CLICK & SEE THE PICTURES

Sarcoidosis most commonly affects young adults of both sexes, although studies have reported more cases in females. Incidence is highest for individuals younger than 40 and peaks in the age-group from 20 to 29 years; a second peak is observed for women over 50.

Sarcoidosis occurs throughout the world in all races with an average incidence of 16.5/100,000 in men and 19/100,000 in women. The disease is most prevalent in Northern European countries, and the highest annual incidence of 60/100,000 is found in Sweden and Iceland. In the United States, sarcoidosis is more common in people of African descent than Caucasians, with annual incidence reported as 35.5 and 10.9/100,000, respectively. Sarcoidosis is less commonly reported in South America, Spain, India, Canada, and the Philippines.

The differing incidence across the world may be at least partially attributable to the lack of screening programs in certain regions of the world and the overshadowing presence of other granulomatous diseases, such as tuberculosis, that may interfere with the diagnosis of sarcoidosis where they are prevalent. There may also be differences in the severity of the disease between people of different ethnicities. Several studies suggest that the presentation in people of African origin may be more severe and disseminated than for Caucasians, who are more likely to have asymptomatic disease.

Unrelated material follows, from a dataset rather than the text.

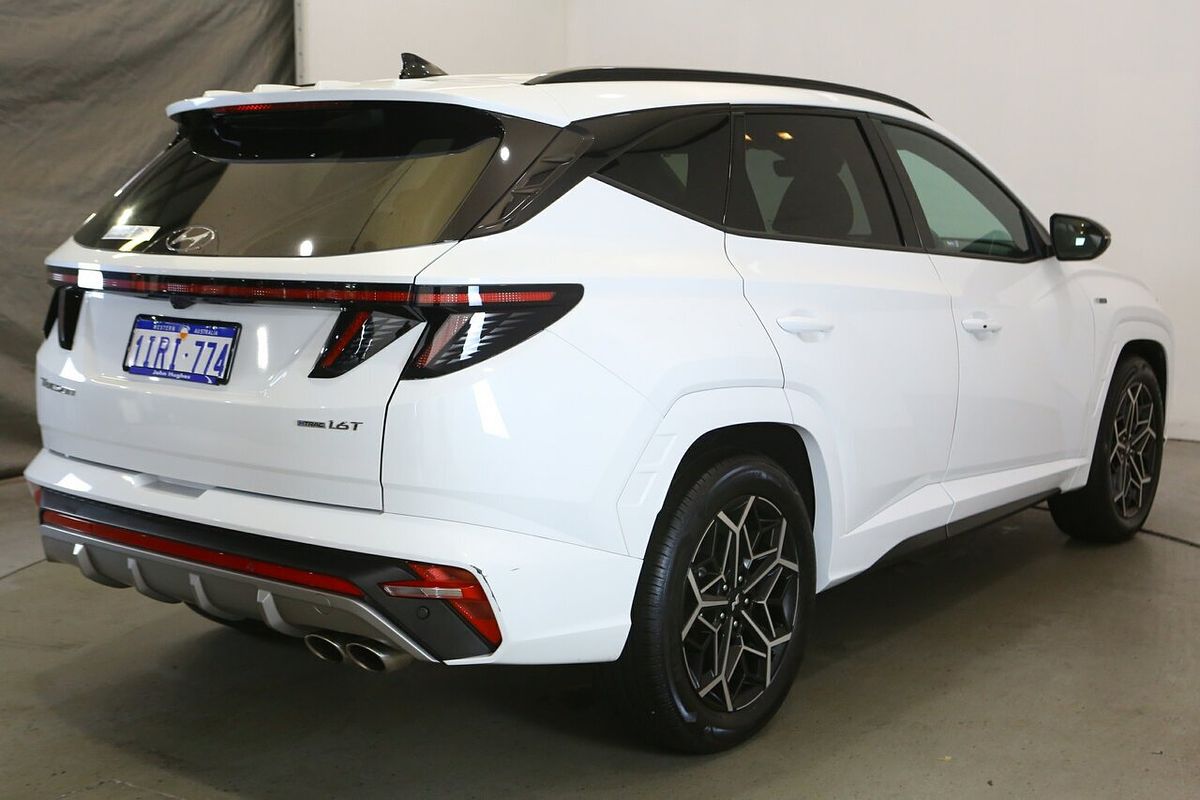 2024 Hyundai Tucson Elite N Line NX4.V2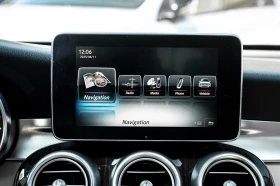 Mercedes-Benz GLC 300 4MATIC/AMG LINE/PANO/LANE ASSIST - 37900 лв. - 22263068 12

Manifestation appears to be slightly different according to race and sex. Erythema nodosum is far more common in men than in women and in Caucasians than in other races. In Japanese patients, ophthalmologic and cardiac involvement are more common than in other races.

Sarcoidosis is one of the few pulmonary diseases with a higher prevalence in non-smokers

Classification:
Sarcoidosis may be divided into the following types:

*Annular sarcoidosis
*Erythrodermic sarcoidosis
*Ichthyosiform sarcoidosis
*Hypopigmented sarcoidosis
*Löfgren syndrome
*Lupus pernio
*Morpheaform sarcoidosis
*Mucosal sarcoidosis
*Neurosarcoidosis
*Papular sarcoid
*Scar sarcoid
*Subcutaneous sarcoidosis
*Systemic sarcoidosis
*Ulcerative sarcoidosis

Symptoms:
Sarcoidosis is a systemic disease that can affect any organ. Common symptoms are vague, such as fatigue unchanged by sleep, lack of energy, weight loss, aches and pains, arthritis, dry eyes, swelling of the knees, blurry vision, shortness of breath, a dry hacking cough or skin lesions. Sarcoidosis and cancer may mimic one another, making the distinction difficult.  The cutaneous symptoms vary, and range from rashes and noduli (small bumps) to erythema nodosum or lupus pernio. It is often asymptomatic.

CLICK & SEE THE PICTURES

 

The combination of erythema nodosum, bilateral hilar lymphadenopathy and arthralgia is called Löfgren syndrome. This syndrome has a relatively good prognosis.

Renal, liver (including portal hypertension), heart or brain involvement may cause further symptoms and altered functioning. Sarcoidosis affecting the brain or nerves is known as neurosarcoidosis.

Cardiac sarcoidosis:
Although cardiac involvement is present in 20% to 30% of patients with sarcoidosis, only about 5% of patients with systemic sarcoidosis are symptomatic.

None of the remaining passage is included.